"Ah, no, but I wasn't much for life planning in my youth." She didn't doubt that Jonah had privileged authority to have read her dossier - she had seen what the army's intelligence had on her during her rating and review and it was certainly detailed. She allowed him to go on pretending as though he didn't already know. "I got pregnant with Liza-May when I was in high school. I told Joe and he panicked; said he was too young to deal with it." She paused, recalling the rather bitter time before everything else. "I didn't know what to do so I went to my parents for help, and uh, well they disowned me. Gave me twenty minutes to pack my things and leave."

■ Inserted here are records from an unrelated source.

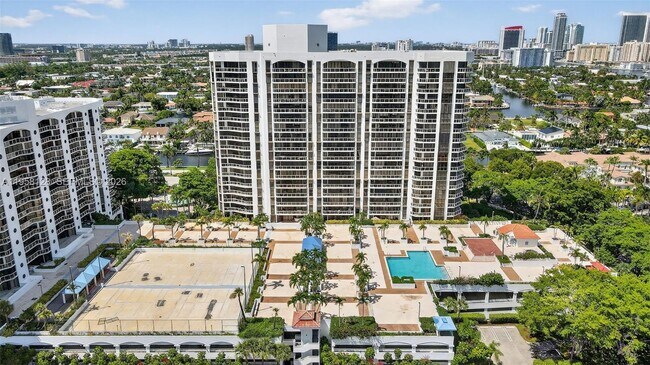 Building Photo - 3640 Yacht Club Dr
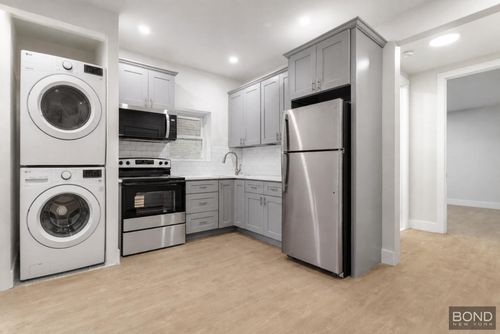 1f-558 Empire Blvd, Brooklyn, NY, 11225-3110 | Card Image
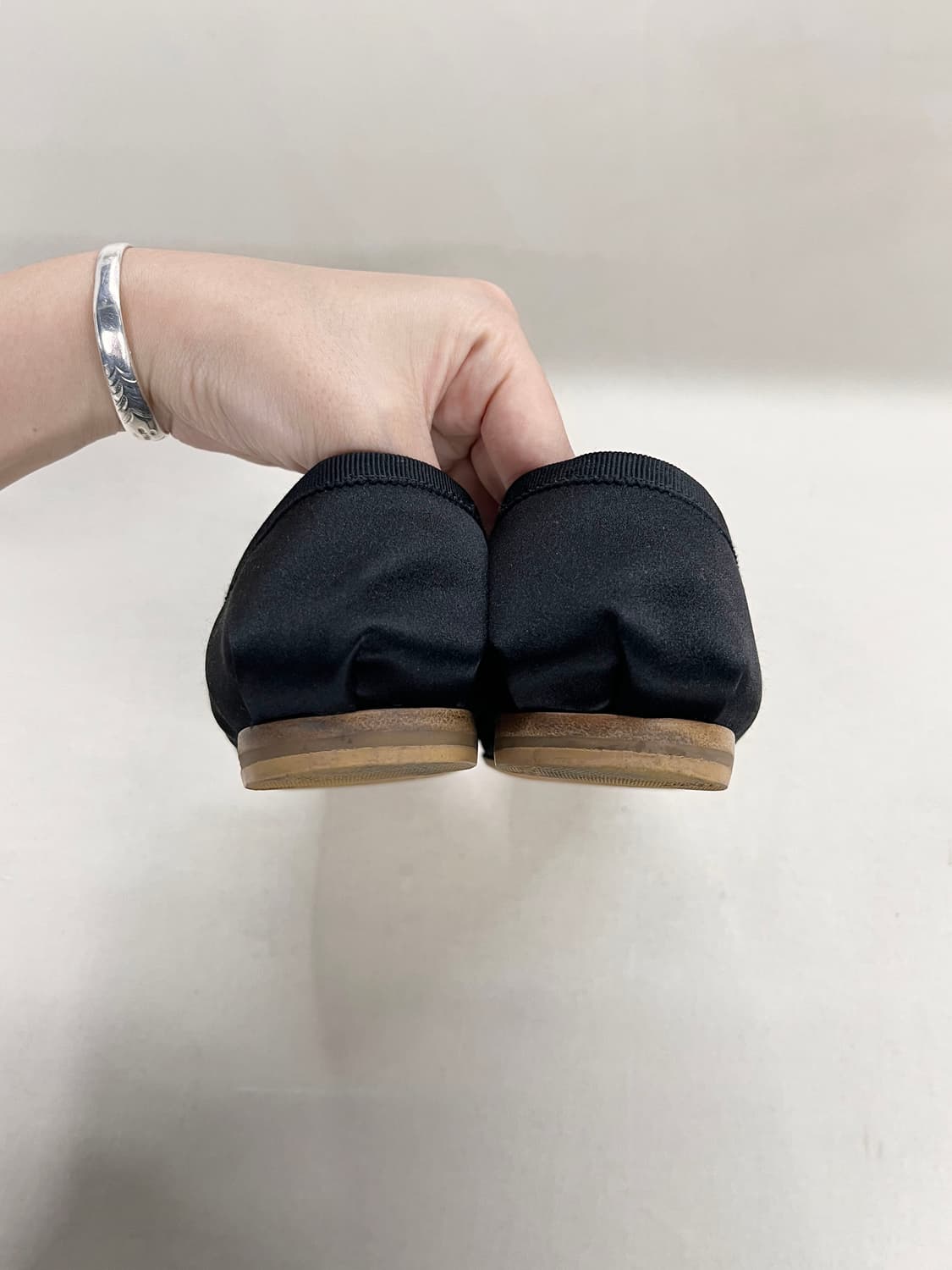 미우미우 새틴 발레리나 슈즈 235 상품이미지7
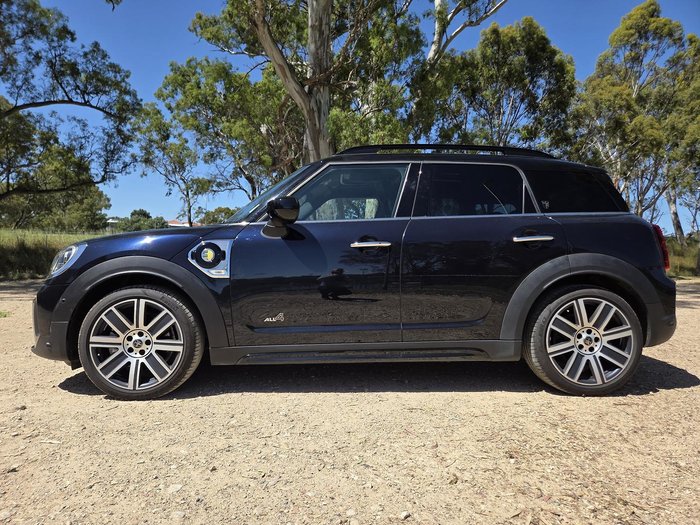 2022 MINI Countryman Cooper SE Classic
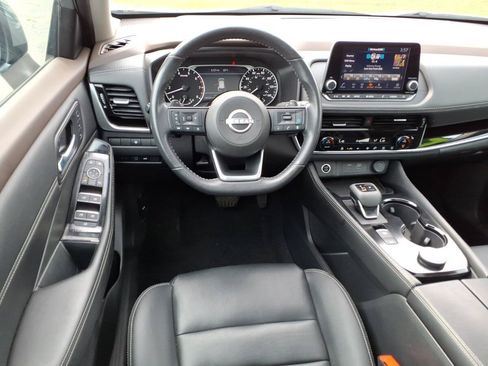 Used 2023 Nissan Rogue SL AWD/4WD image 11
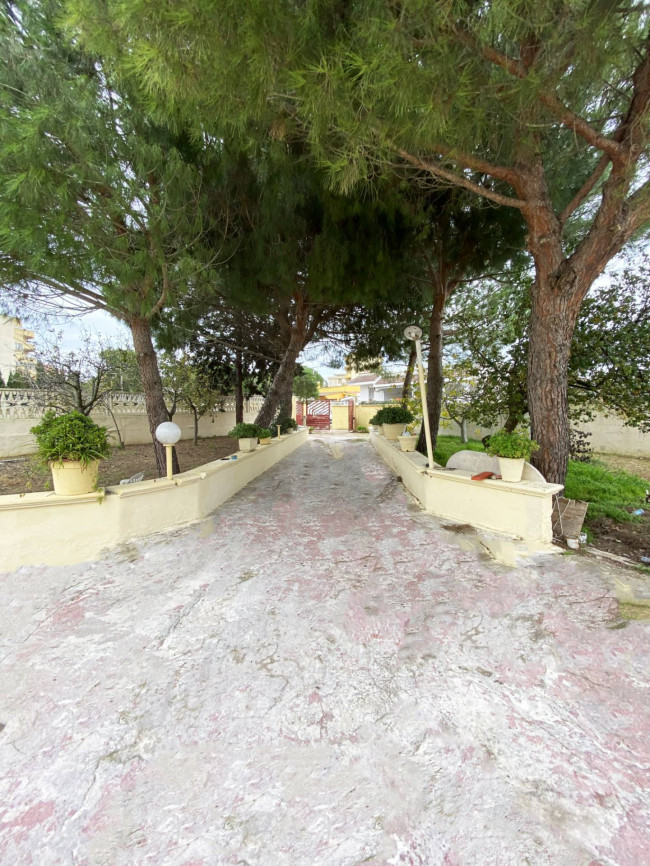 Villa singola in vendita a Brindisi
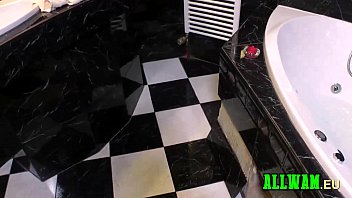 Skinny Bitch In The Bathroom
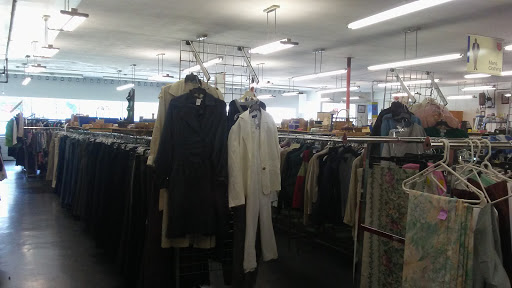 Thrift Store «The Salvation Army Family Store & Donation Center», reviews and photos, 7713 W Greenfield Ave, West Allis, WI 53214, USA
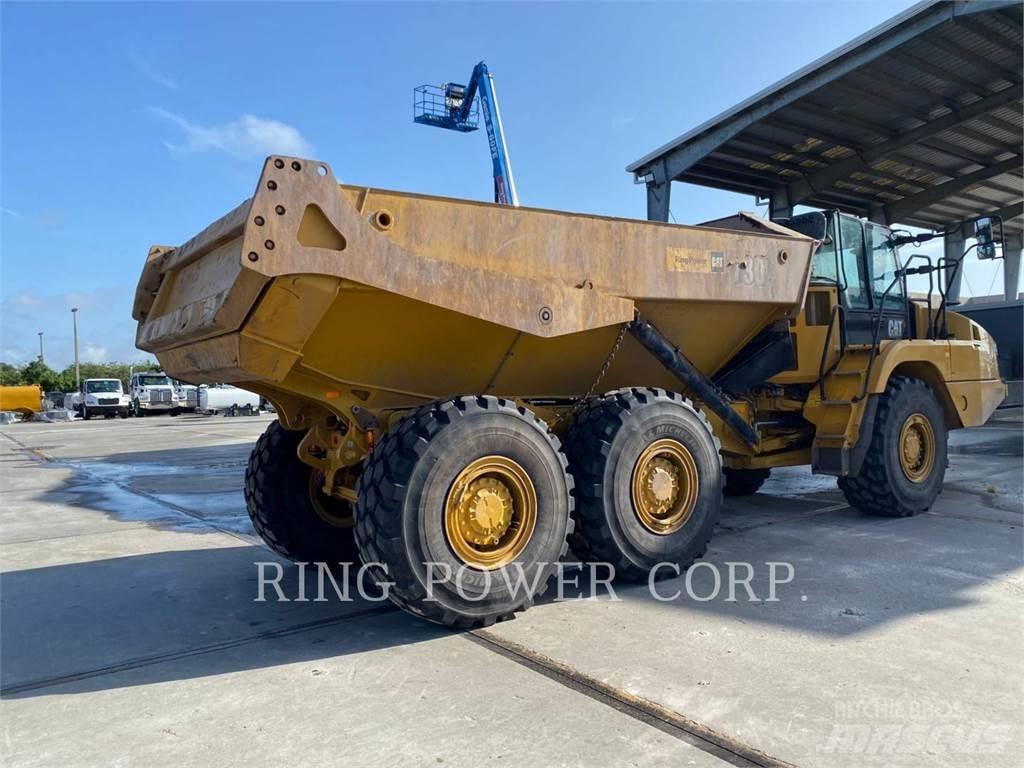 CAT 730TG Terrængående lastbiler
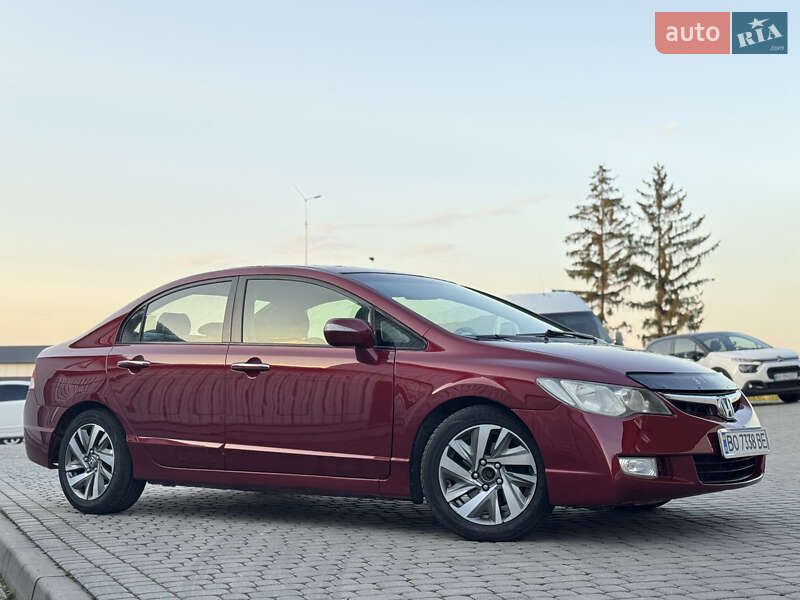 Седан Honda Civic 2006 в Тернополе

She sighed, hand holding the pommel of the saddle, her thumb rubbing over it, the sheen long worn off after years of use. "I was living in my car and going to school - what else could I do really? A couple of days later Joe came back, he apologized for what he said, what he'd done. I didn't blame him, still don't: we were kids doing stupid things, I wasn't even ready for it. He didn't know about my parents for three weeks, until Charlie told him. He took me home and we told his parents." She smiled. "His daddy was so angry. Not with him or me but that we didn't tell them straight away, and that I was staying in my car and more that my parents acted like nothing was wrong at church when I hadn't been there. He went over to my parents place and gave them hell."

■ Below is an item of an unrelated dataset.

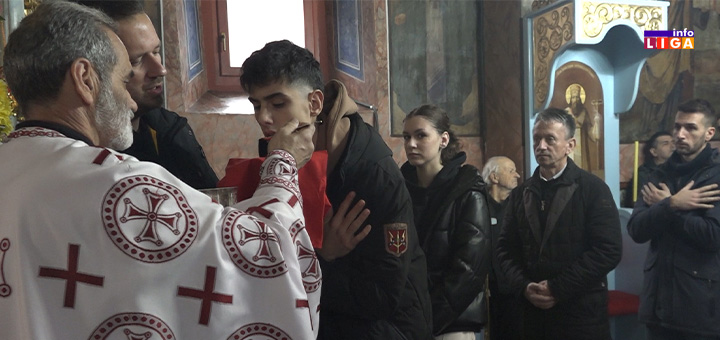 IL-bozic-pricest Božićno jutro i lomljenje česnice u ivanjičkoj crkvi (VIDEO)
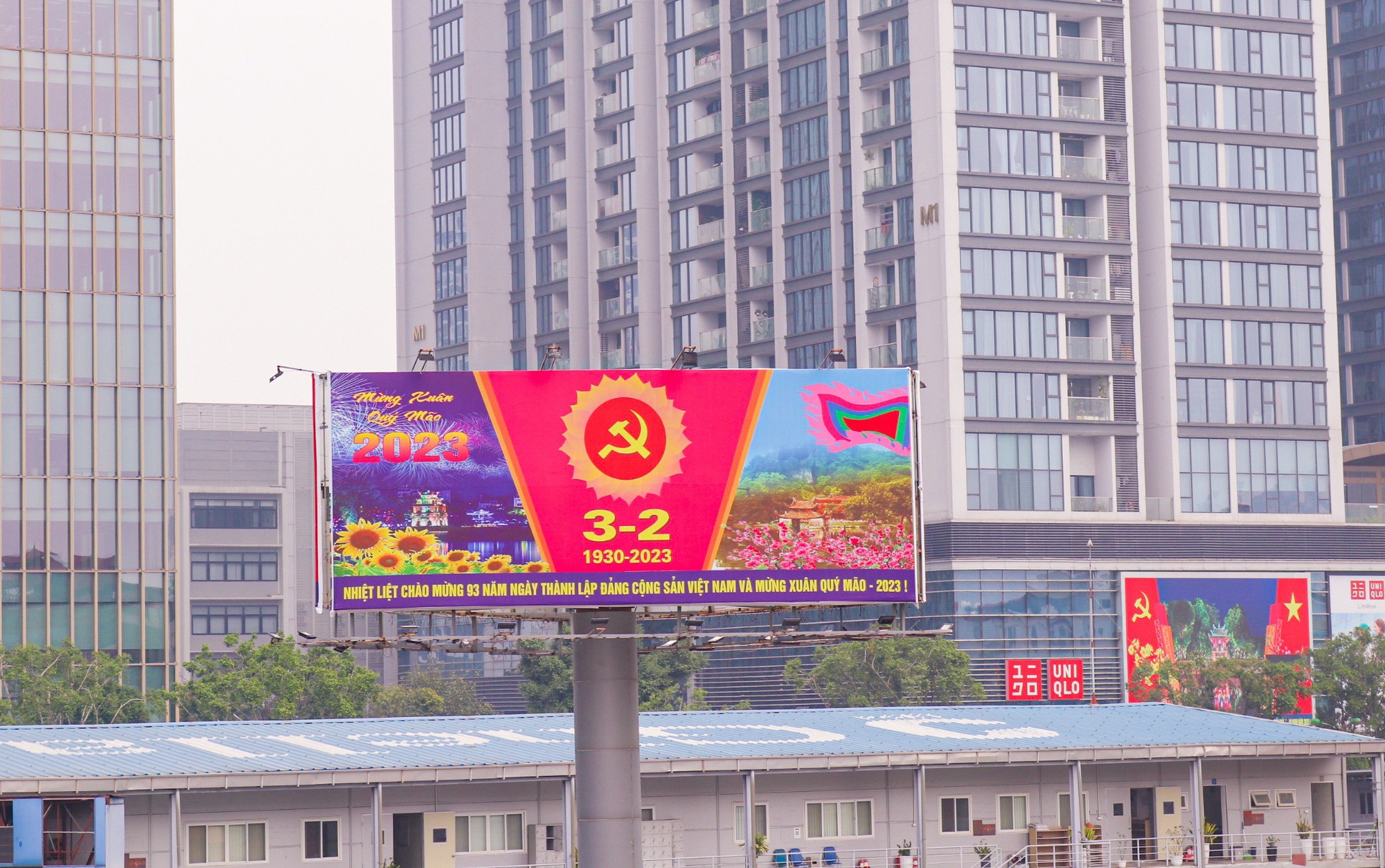 Đường phố Hà Nội rực rỡ cờ hoa mừng kỷ niệm 93 năm thành lập Đảng Cộng Sản Việt Nam - Ảnh 8.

She glanced to Jonah, still smiling. "Joe's family helped me get through school, gave me my first job and a home." The smile faded slightly. "Just after Liza-May's first birthday we found out Joe had cancer, terminal. His mom and me tried so hard to convince him to go to chemo, take the drugs but he and his daddy had talked about it. It would have meant that his last days with us, with Liza-May and me would be him sick in bed. He told me he wanted to have a baby, wanted to see our son. How on Earth that man knew that we had Jacks I could not tell you; but he did what he wanted. He lived long enough to see Jacks be born, almost made it to his first birthday too."

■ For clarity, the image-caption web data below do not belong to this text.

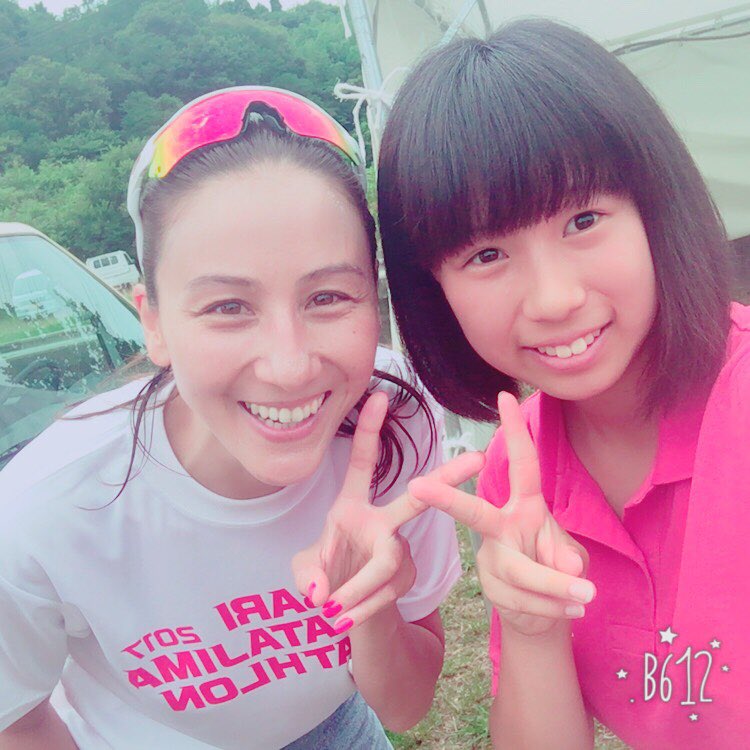 dottocom0916's tweet photo. 昨日は伯方島で開催された
トライアスロンのフェニッシュフードで出店してました^^*

約300人の選手の中に道端さんいましたw

女性の部で見事３位
流石です٩(ˊᗜˋ*)و
知り合いの島っ子が一緒に撮ってたやつも拝借w https://t.co/W8HY8vIM8V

"The kids don't know their grandparents, my parents that is. The Wallace's helped me raised them, taught me how to run the farm and made me their family. Katie was always there, when she could be, but I made sure she didn't lose them: she needed them too much. Liza-May knows that Katie has parents and that I don't but I'm not sure if she understands or has made up a reason for the difference and Jacks has never asked about them. I had no plan when I was a kid in high school but after Liza-May I knew I was supposed to be their mom and make their world the best that it could be."